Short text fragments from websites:
* * * * *

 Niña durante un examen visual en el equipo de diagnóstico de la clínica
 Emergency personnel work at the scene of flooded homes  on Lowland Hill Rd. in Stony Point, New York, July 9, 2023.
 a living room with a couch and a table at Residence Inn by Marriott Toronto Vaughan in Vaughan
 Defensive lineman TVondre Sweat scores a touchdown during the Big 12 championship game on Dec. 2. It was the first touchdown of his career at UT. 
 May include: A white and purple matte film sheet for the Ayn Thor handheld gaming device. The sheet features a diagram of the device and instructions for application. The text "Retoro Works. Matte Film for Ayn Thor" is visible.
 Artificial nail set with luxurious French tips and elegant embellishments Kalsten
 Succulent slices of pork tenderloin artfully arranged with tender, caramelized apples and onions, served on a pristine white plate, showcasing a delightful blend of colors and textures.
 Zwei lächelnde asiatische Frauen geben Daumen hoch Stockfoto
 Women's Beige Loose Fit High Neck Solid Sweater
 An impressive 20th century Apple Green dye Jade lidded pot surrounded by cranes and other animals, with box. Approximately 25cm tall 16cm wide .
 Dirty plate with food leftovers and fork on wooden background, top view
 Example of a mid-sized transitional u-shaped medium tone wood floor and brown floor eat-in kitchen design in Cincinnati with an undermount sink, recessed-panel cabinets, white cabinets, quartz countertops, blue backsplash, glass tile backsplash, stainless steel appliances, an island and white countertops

* * * * *

▶ **What is needed**:
Filter the entries above down to the lines that contain "plate".

▶ **Your solution**:
 Succulent slices of pork tenderloin artfully arranged with tender, caramelized apples and onions, served on a pristine white plate, showcasing a delightful blend of colors and textures.
 Dirty plate with food leftovers and fork on wooden background, top view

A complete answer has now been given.